#### TFIDF Passage Retrieval

A simple and efficient way of retreiving relevant documents (e.g. sentence or paragraph) from a document store is using `TFIDF`. Given a collection of documents, we can create TFIDF vectors for each document, which is a vector of TFIDF weights (one for each word from the vocabulary). 

Term-frequency for term $t$ in document $d$: 

$TF(t,d) = 1 + \log_{10}(\text{count}(t,d))$

where $\text{count}(t,d)$ is the frequency with which term $t$ appears in document $d$. (Note that we take the log to supress the range of count values).

`BM25`: By making a slight modification to how the term frequency is computer, we can improve performance. Note that the log counts can grow to large values if certain terms are extremely common, (i.e. unbounded growth). Instead of using the log function, we can use a different function which puts an upper bound on the TF value so that growth saturates when the raw counts keep increasing beyond a certain point. This modification to TF is called `BM25` and is given by the following:

$TF_{BM25}(t,d) = \frac{(1+k)  \text{ count}(t,d)}{\text{count}(t,d) + k \text{ } (1 - b + b \frac{|d|}{d_{avg}})}$

where $|d|$ is the length of the document and $d_{avg}$ is the average document length across the entire collection. $k$ is a hyperparameter which controls how quickly the TF value starts saturating and $b$ is a hyperparameter which penalizes documents which are longer than the average document length.


Inverse-document-frequency for term $t$:

$IDF(t) = \log_{10}(\frac{N}{\text{df}(t)})$

where $N$ is the total number of documents in the collectino and $\text{df}(t)$ is the number of documents in which term $t$ occurs. Then the TFIDF is given by the following product:

$TFIDF(t,d) = TF(t,d) IDF(t)$


Then given a query $q$ which is a sequence of terms, we can construct a TFIDF vector for this query. However, since queries are usually short and is likely to contain a single occurance of each unique term, we can simplify it's TFIDF vector by setting the TFIDF weight for each unique term to 1. Then we can compute a score for each document as the cosine similarity between the query vector and the corresponding document TFIDF vector $d$:

$score(q,d) = \frac{q \cdot d}{|q| |d|}$

Since $|q|$ is a fixed constant, we can ignore it because it will not affect the ranking of document scores. Then using our simplifying assumption of $q$ being a vector of binary weights, we have the following document score function:

$score(q,d) = \frac{\sum_{t\in q} TFIDF(t,d)}{\sqrt{\sum_{t\in d} TFIDF(t,d)^2}}$

where the square root term in the denominator is the norm of the document TFIDF vector. So the score for each document is just the TFIDF weights for the query terms which also appear in that document, normalized by the norm of that documents TFIDF vector.

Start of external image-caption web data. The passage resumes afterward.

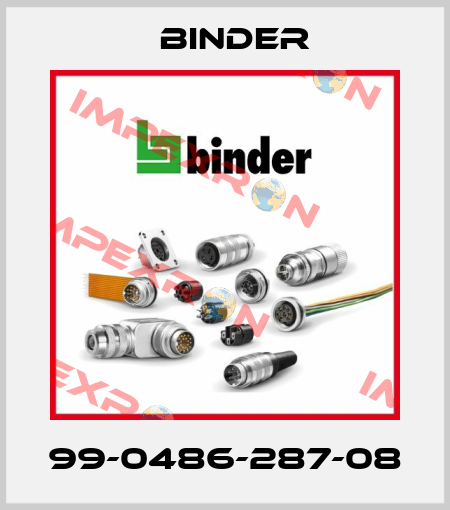 99-0486-287-08 Binder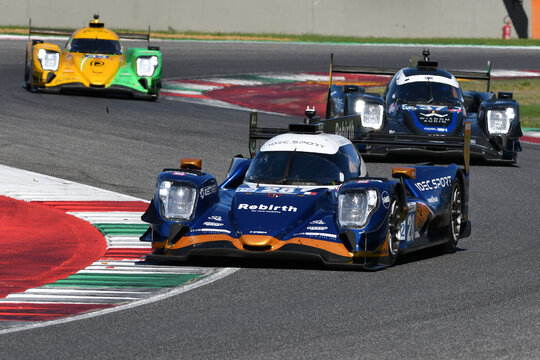 Scarperia, Italy - September 29th 2024: Oreca 07 Gibson of team IDEC SPORT drive by PINO-DE GERUS-VAN UITERT in action during 4h of Mugello.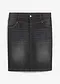 svart denim, used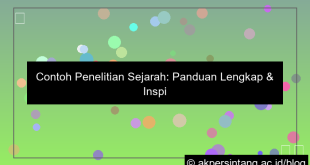 desain contoh penelitian historik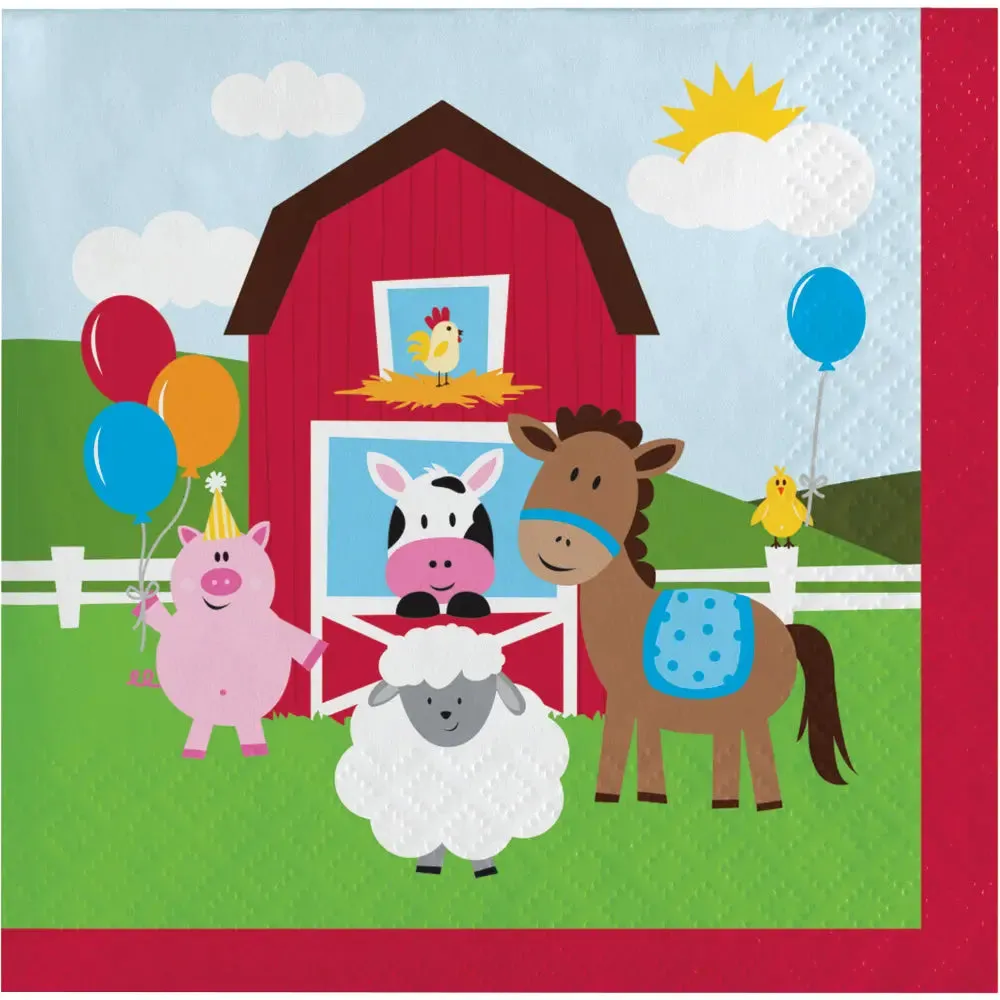 Farmhouse Fun Napkins - Beverage 16 Pkt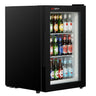 Minibar - 440 mm - 62 l - med glassdør - svart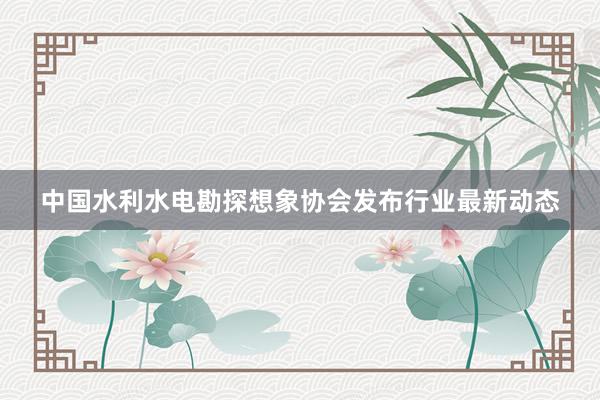 中国水利水电勘探想象协会发布行业最新动态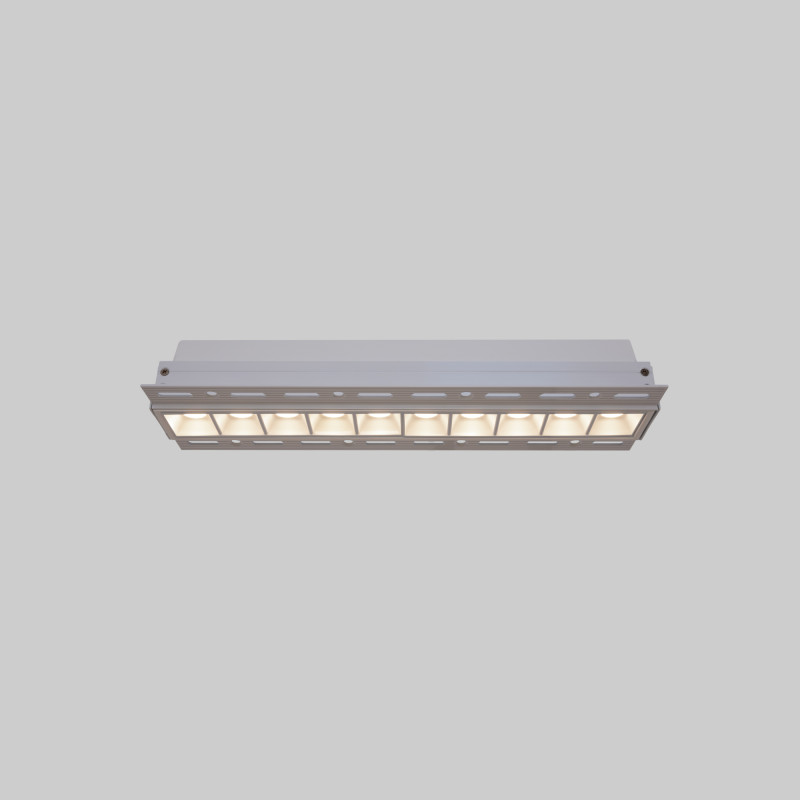 Foco linear LED para integração em gesso cartonado - 20W - UGR18 - CRI90 - Branco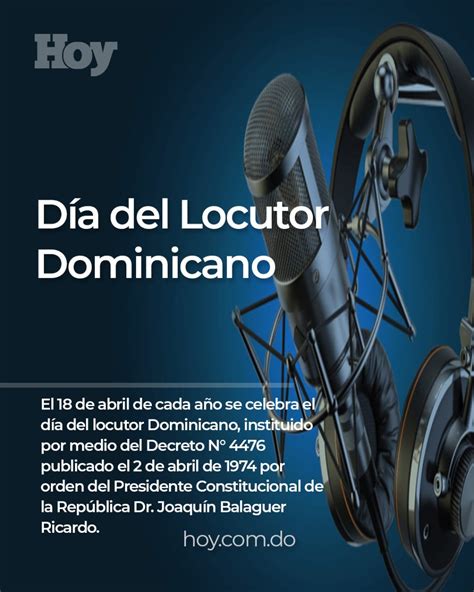 Hoy Se Celebra El Día Nacional Del Locutor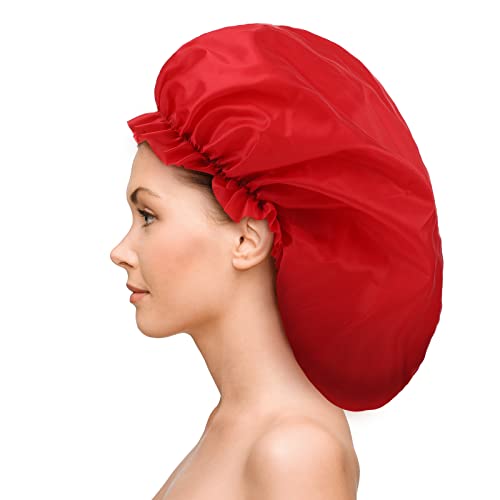 4 Pieces Jumbo Shower Caps Extra Large Shower Caps Long Dreadlock Caps Huge B...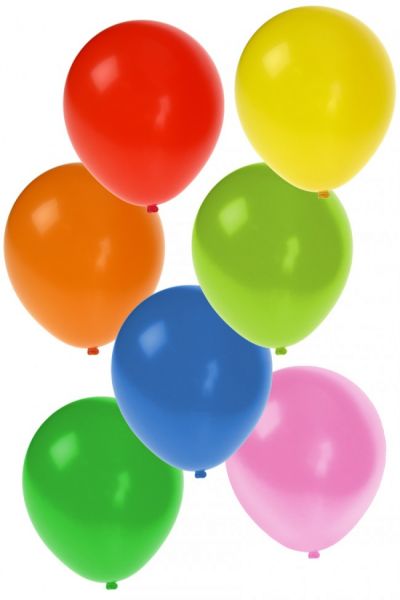 Helium ballonnen 100 stuks assorti kleuren nr 12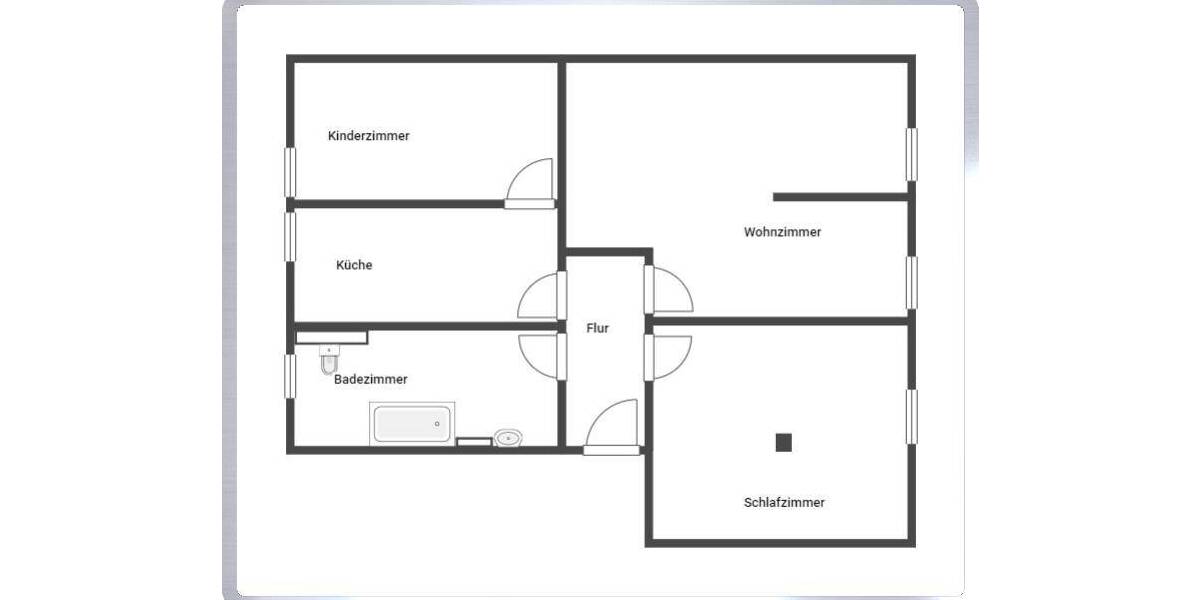 Zimmer Mittweida - 3 Zimmer, 55 m&sup2;, 455&euro; | Angebot:26450117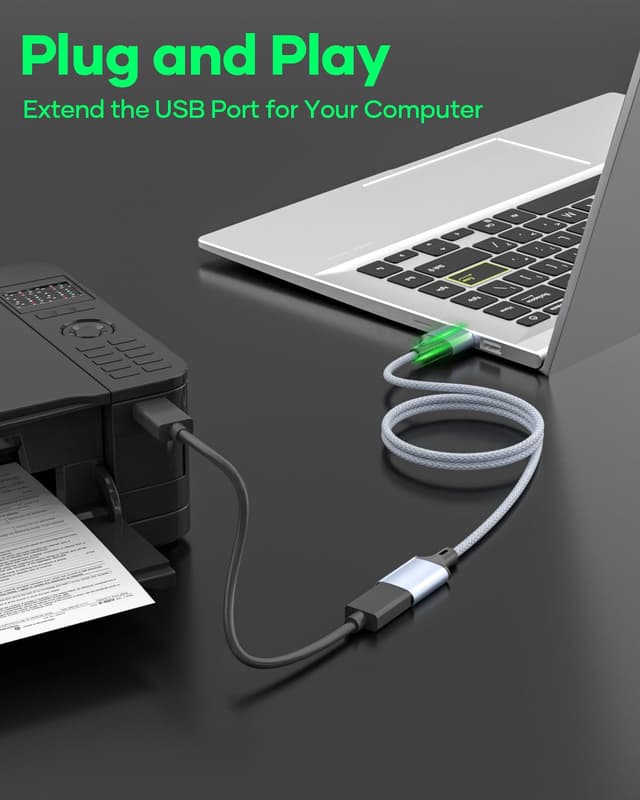 Detalle 2 de Nersligek Cable USB 2.0 5M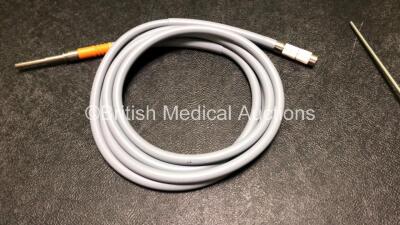 2 x Karl Storz 7230AA 0 Degree Arthroscopes with 1 x Light Guide Cable - Engineer's Report 1: Optical System - No Image, Insertion Tube - No Fault Found, Light Transmission - No Fault Found - - Engineer's Report 2 : Optical System - Poor Image, Insertion - 8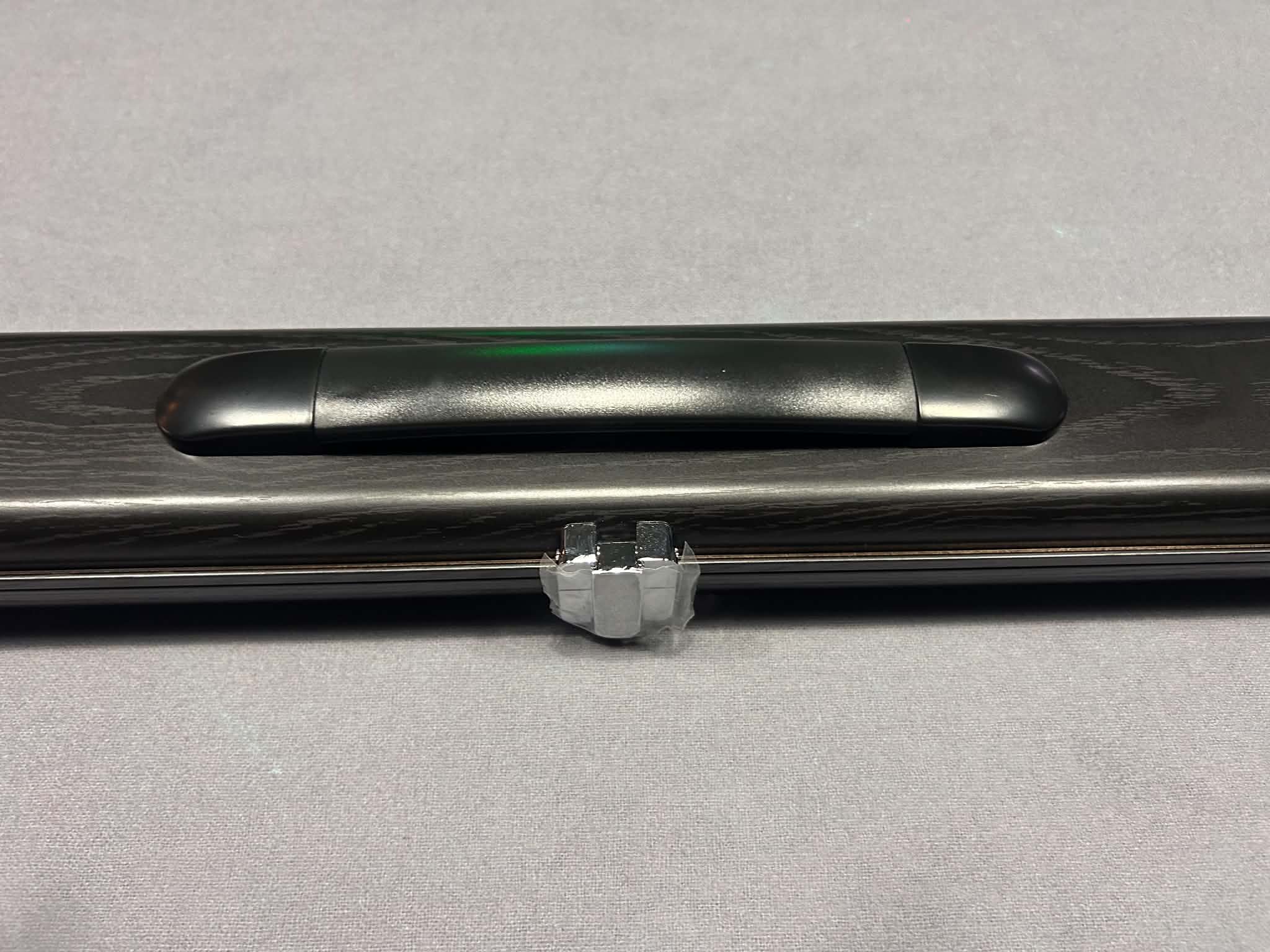 Slimline Aluminium Wood Effect 2 Cue One Piece Cue Case 60inch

Now each word in the query will not occur in all documents, so we need to only consider documents that actually contain these query words instead of iterating over all documents in the collection. We can maintain an `inverted index` data structure which is a dictionary that maps each unique word to a list of tuples, each tuple containing a document and the TFIDF weight.

e.g. `inverted_index = {'w1' : [(d1, TFIDF(w1,d1)), (d2, TFIDF(w1,d2),..)], 'w2': ...}`

This data structure will allow us to compute and rank the document scores very efficiently.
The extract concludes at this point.